Estee Lauder Heir Gifts Over $1 Billion Cubist Art To New York Museum


Leonard Lauder, Estee Lauder cosmetics heir and billionaire, has given over $1 billion worth of Cubist art to New York’s Metropolitan Museum of Art.

The extraordinary gift amounts to 78 Cubist art works including Picasso’s The Scallop Shell (Notre avenir est dans l’air, 1912), Woman In An Armchair (Eva, 1913), Braque’s Trees At L’Estaque (1908), and The Violin (Mozart/Kubelick, 1912) and includes 33 Picassos, 17 Braques, 14 Légers, and 14 works by Gris.

The collection took Lauder four decades to collect.

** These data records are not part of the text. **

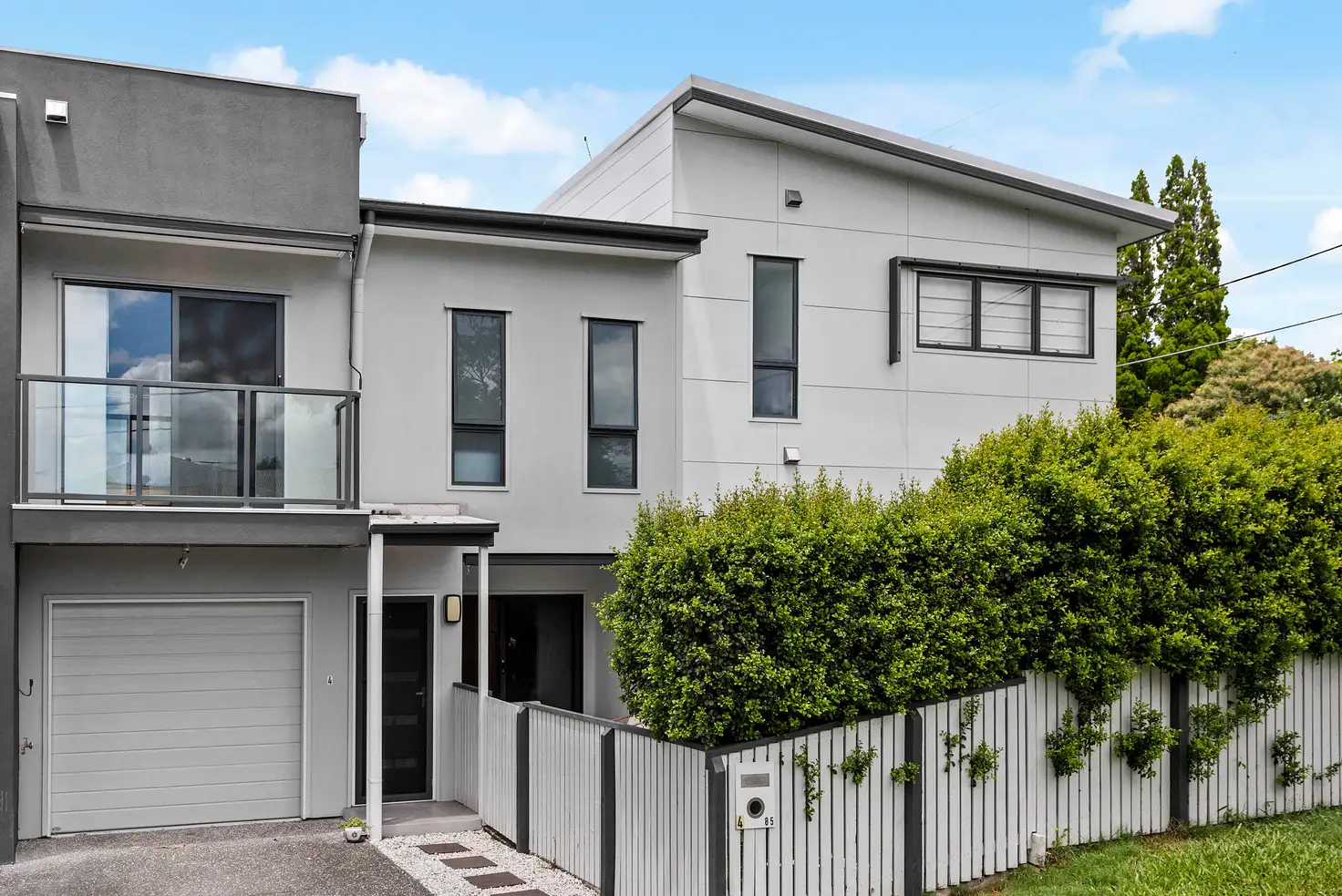 Main view of Homely townhouse listing, 4/85 Gainsborough Street, Moorooka QLD 4105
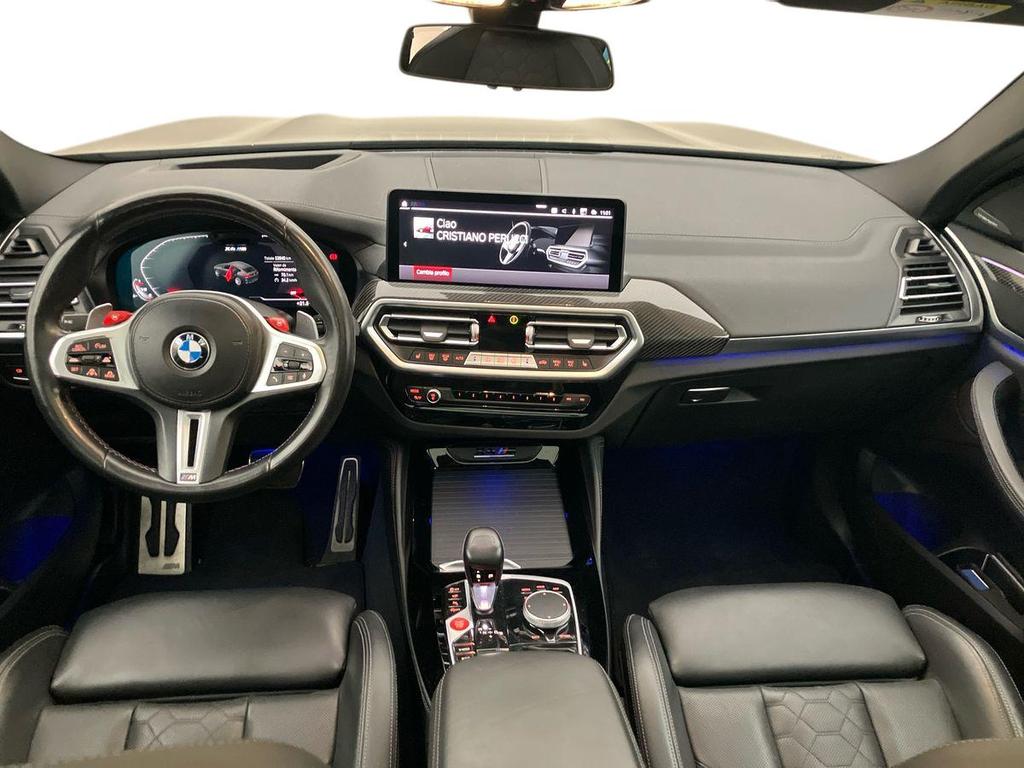 BMW X4 M X4M 3.0 Competition auto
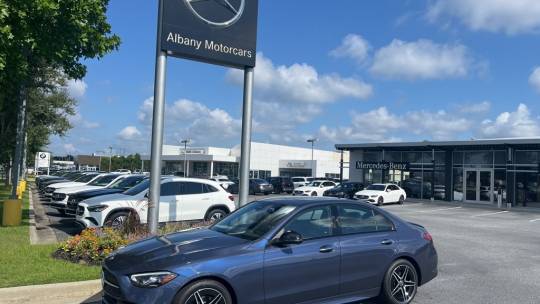 2024 Mercedes-Benz C-Class c$1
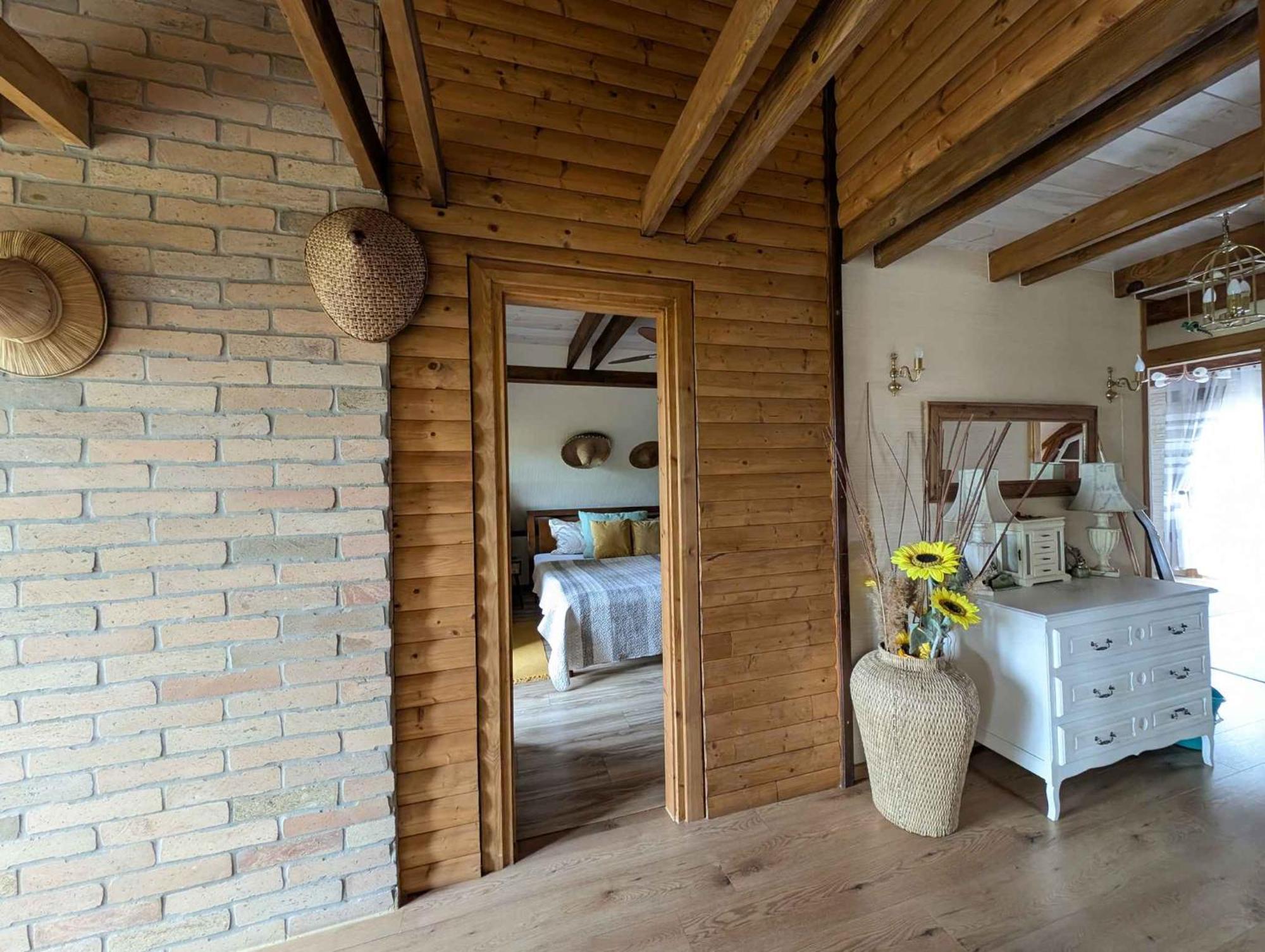 Holiday Home In Balatonendred 44893 Exteriör bild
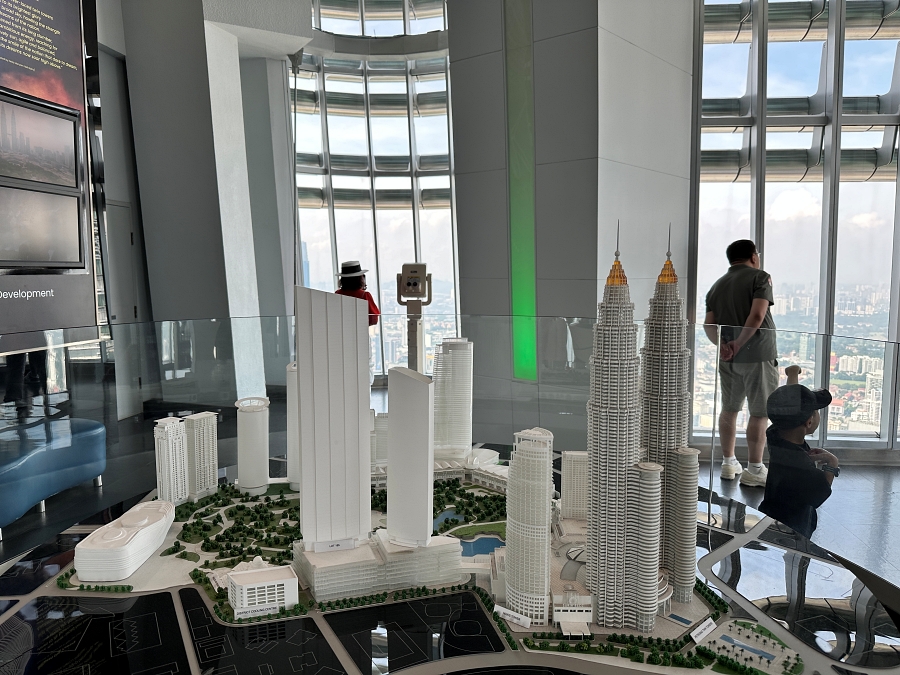 말레이시아 여행 쿠알라룸푸르 자유여행 가볼만한곳 페트로나스 트윈타워 쌍둥이빌딩 전망대 입장권 할인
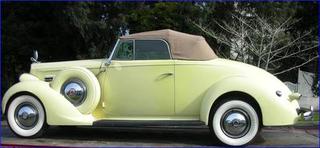 Sep/Oct 2011 1937 120 Convertible Coupe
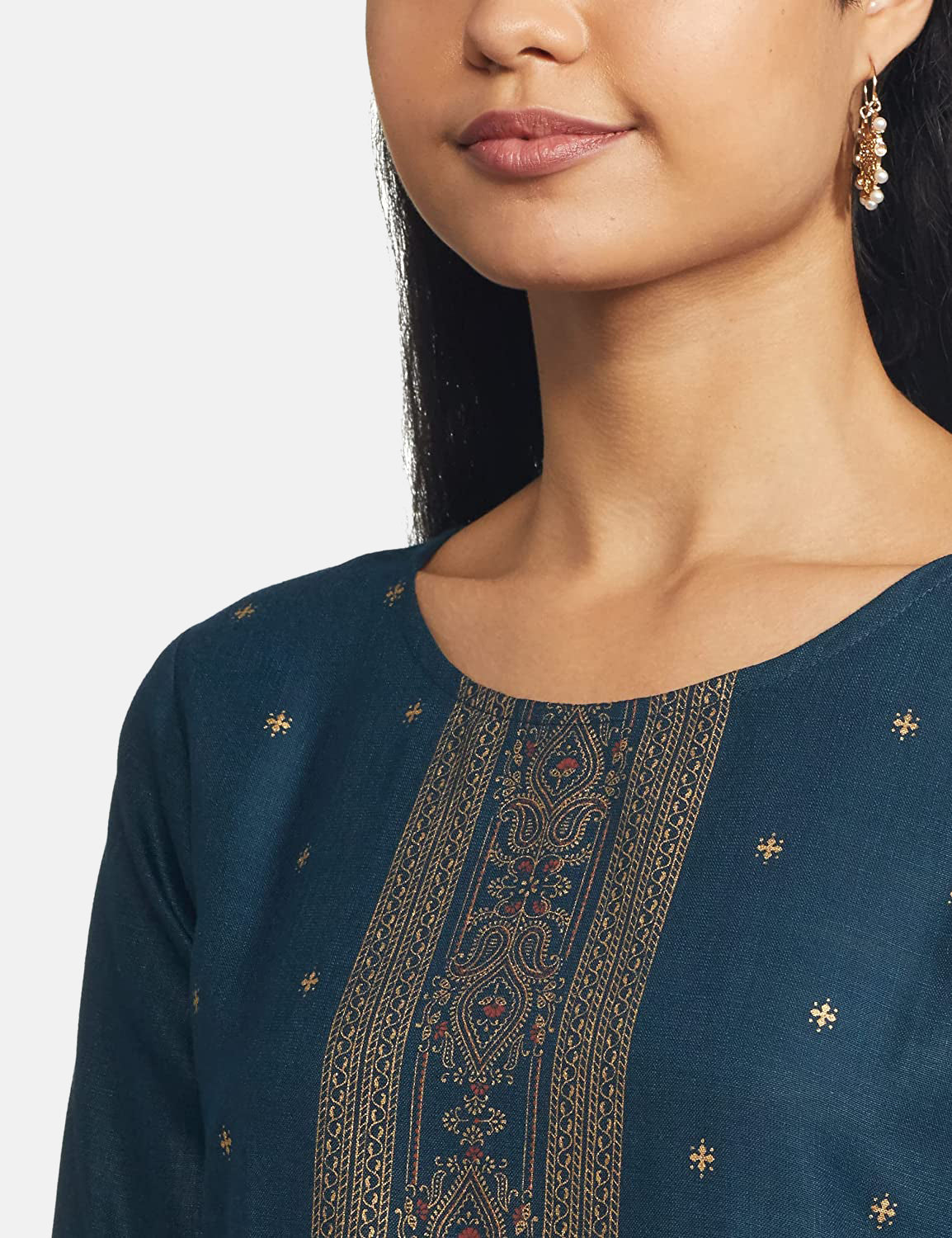 Printed Kurta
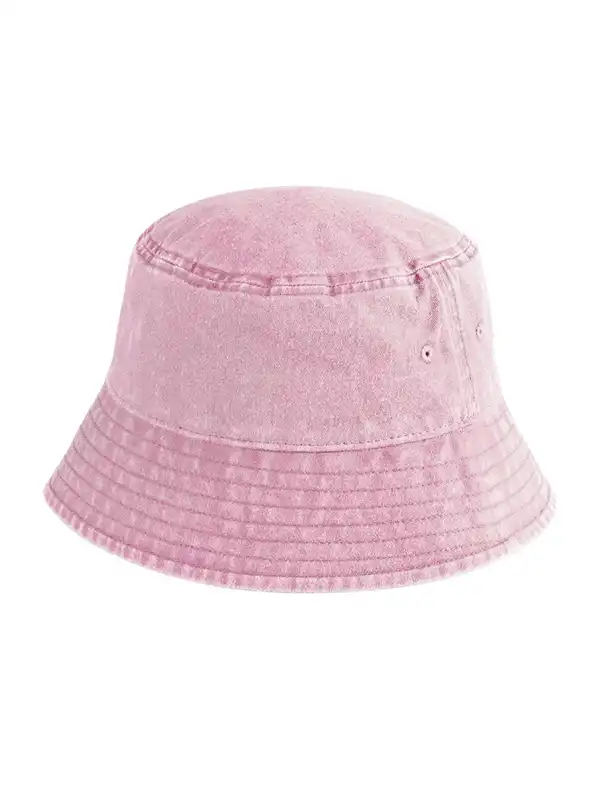 Otroški klobuk - Beechfield - Kids' Bucket Hat "Vintage" B 688B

In a statement, the Estee Lauder heir his gift was for “the people who live and work in New York and those from around the world who come to visit our great arts institutions.”

The 80-year-old added that he chose the Met to house his collection because he felt it was essential that Cubism and the art it inspired should be seen and studied within “one of the greatest encyclopedic museums in the world.”

Lauder, son of cosmetics tycoon Estée Lauder, has previously gifted art to New York’s Whitney Museum of American Art a noted gallery of which he is also the chairman emeritus.

Thomas Campbell, Director of the Metropolitan Museum of Art,said of the gift:

“Leonard’s gift is truly transformational for the Metropolitan Museum. Although the Met is unique in its ability to exhibit over 5,000 years of art history, we have long lacked this critical dimension in the story of modernism. Now, Cubism will be represented with some of its greatest masterpieces. This is an extraordinary gift to our museum and our city.”

The New York museum also said Lauder’s collection contains masterpieces that were critical to the development of Cubism, which is widely considered to be the most influential art movement of the last century. It’s thought the donation will galvanize the Met’s holdings of early 20th century works which it lacked.

The museum will open the Cubist collection to public viewing by late 2014.